**TASK INPUT:**
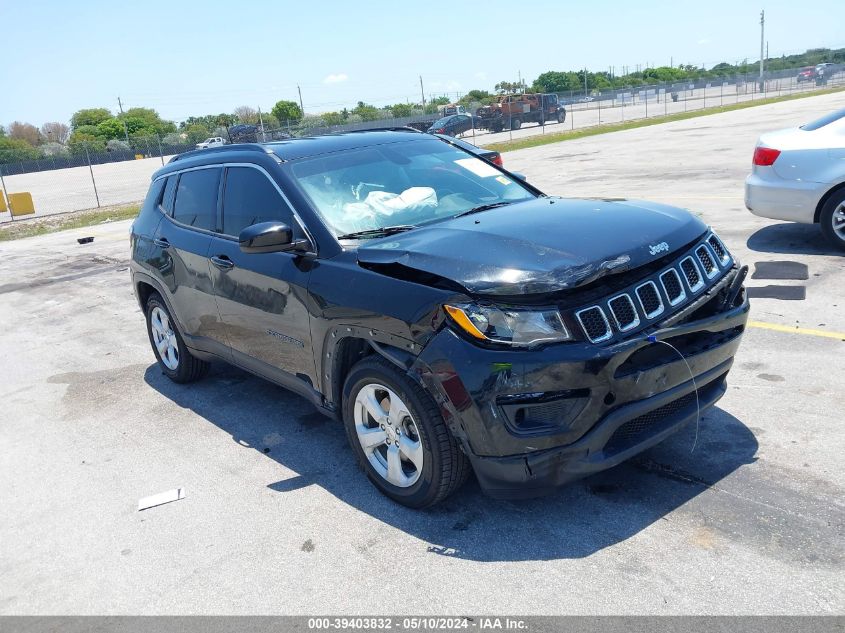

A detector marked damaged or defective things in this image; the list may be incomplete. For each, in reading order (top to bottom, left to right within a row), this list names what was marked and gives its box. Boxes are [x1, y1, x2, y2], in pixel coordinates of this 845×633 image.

crumpled hood [354, 196, 704, 296]
damaged front bumper [412, 272, 748, 498]
cracked bumper cover [412, 286, 748, 498]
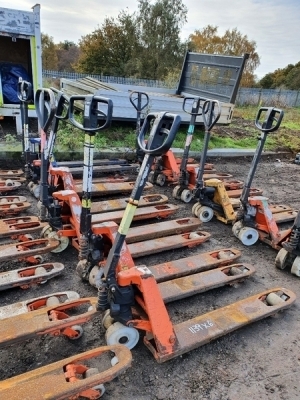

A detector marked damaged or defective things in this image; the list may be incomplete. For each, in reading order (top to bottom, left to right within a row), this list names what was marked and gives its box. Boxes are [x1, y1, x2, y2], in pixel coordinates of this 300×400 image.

rusty metal surface [75, 180, 152, 196]
rusty metal surface [0, 200, 30, 216]
rusty metal surface [0, 216, 47, 238]
rusty metal surface [0, 238, 60, 262]
rusty metal surface [91, 193, 169, 214]
rusty metal surface [90, 203, 177, 225]
rusty metal surface [125, 219, 203, 244]
rusty metal surface [127, 230, 210, 258]
rusty metal surface [0, 262, 65, 290]
rusty metal surface [148, 247, 241, 282]
rusty metal surface [159, 264, 255, 302]
rusty metal surface [0, 290, 79, 318]
rusty metal surface [0, 296, 99, 348]
rusty metal surface [145, 288, 296, 362]
rusty metal surface [0, 344, 131, 400]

**YOUR TASK:** Leave the pictures aside and output each entry exactly as it stands.

**ANSWER TO THIS EXERCISE:**
A detector marked damaged or defective things in this image; the list may be incomplete. For each, in reading order (top to bottom, left to right within a row), this list names what was marked and gives its box. Boxes are [x1, y1, x2, y2], in pixel coordinates of this 845×633 image.

crumpled hood [354, 196, 704, 296]
damaged front bumper [412, 272, 748, 498]
cracked bumper cover [412, 286, 748, 498]

A detector marked damaged or defective things in this image; the list may be incomplete. For each, in reading order (top to bottom, left to right within a row), this list names what was marked and gives its box. Boxes are [x1, y1, x2, y2], in pixel coordinates of this 300×400 image.

rusty metal surface [75, 180, 152, 196]
rusty metal surface [0, 200, 30, 216]
rusty metal surface [0, 216, 47, 238]
rusty metal surface [0, 238, 60, 262]
rusty metal surface [91, 193, 169, 214]
rusty metal surface [90, 203, 177, 225]
rusty metal surface [125, 219, 203, 244]
rusty metal surface [127, 230, 210, 258]
rusty metal surface [0, 262, 65, 290]
rusty metal surface [148, 247, 241, 282]
rusty metal surface [159, 264, 255, 302]
rusty metal surface [0, 290, 79, 318]
rusty metal surface [0, 296, 99, 348]
rusty metal surface [145, 288, 296, 362]
rusty metal surface [0, 344, 131, 400]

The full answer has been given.